Take charge of your schedule
To change how we listen at work means having to change how we work. Too many people spend too much of their time sitting in meetings that are not relevant to their work. As such, it is particularly easy to tune out when it does not relate to you. Think about all the long and boring meetings you attend that do not provide an additive value to you or your team. If you find yourself spending too much time in these types of irrelevant meetings, you need to do something to change. Your days need to be spent working on matters that are relevant to you and your objectives. If you are not focused on the right things, you will naturally lose your ability to pay attention to the things that do matter.
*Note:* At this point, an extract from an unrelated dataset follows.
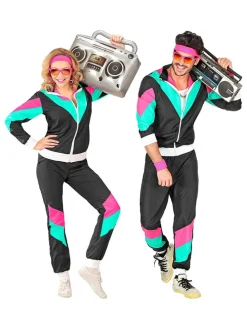 2-delig kostuum "80's Trainingspak" zwart/turquoise/roze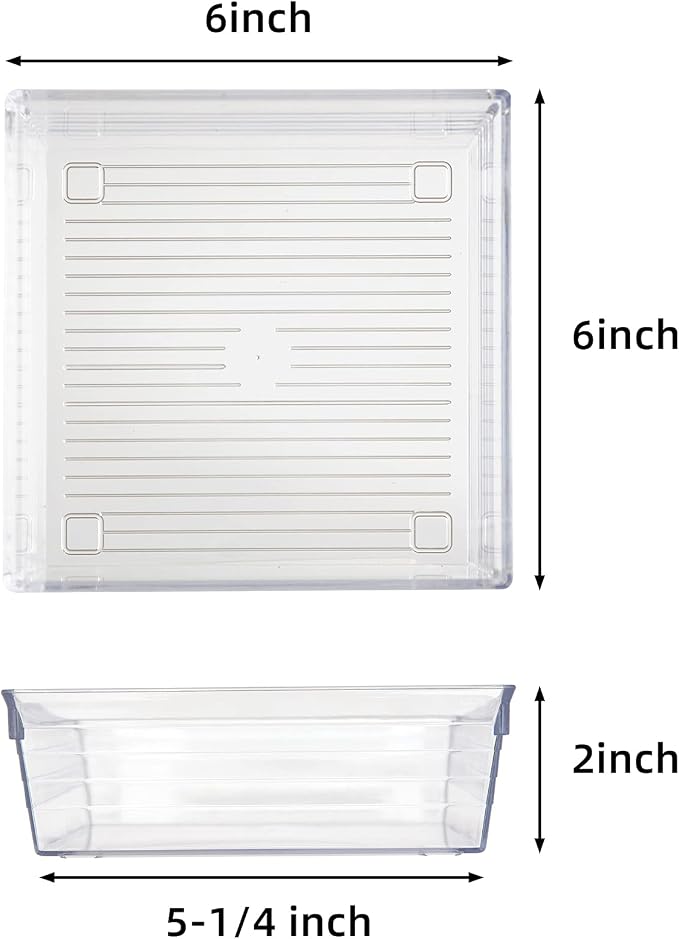 Clear Plastic Drawer Organizer Tray for Vanity Cabinet (6"×6"×2"，Set of 8),Storage Tray for Makeup, Kitchen Utensils, Jewelries, and Gadgets…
To wit, you are losing your ability to listen properly because your days are filled with things that you do not need to listen to.
Don’t take notes
I often get chastised at work because I rarely take notes during meetings. But I fully credit this practice for my ability to listen and understand what is being asked of me. Personally, I find that taking notes distracts me from engaging with people and trying to make sure I fully understand what is being asked of me. Also, I spend less time asking people to repeat themselves for the sake of my note-taking. This approach has allowed me to remain focused on what is happening in front of me and to ensure that I am fully present. If necessary, I take note of very specific technical details that need to be captured and then perform a more complete write-up following the meeting.
The best way to help improve your listening skills is to ask questions. This will certainly take time to develop as most people are somewhat reluctant to interrupt – especially in the middle of a crowded meeting. But asking questions is the best way to ensure that you are receiving the information correctly and it is certainly the best way of ensuring that you will remember what is being discussed. Much like dating, asking questions is the best way to learn about something (or someone) that is new to you.
One of the best ways to become an effective listener is to be receptive to feedback – whether it is solicited or not and whether it is positive or not. Let’s face it, many of us may not be receptive to feedback as it may, historically, have been associated with some form of consequence. However, we shouldn’t continue to perceive feedback in such a negative way.
If you learn to accept feedback in a constructive and positive manner, it will help you adapt and improve all measures of your work – and personal – life.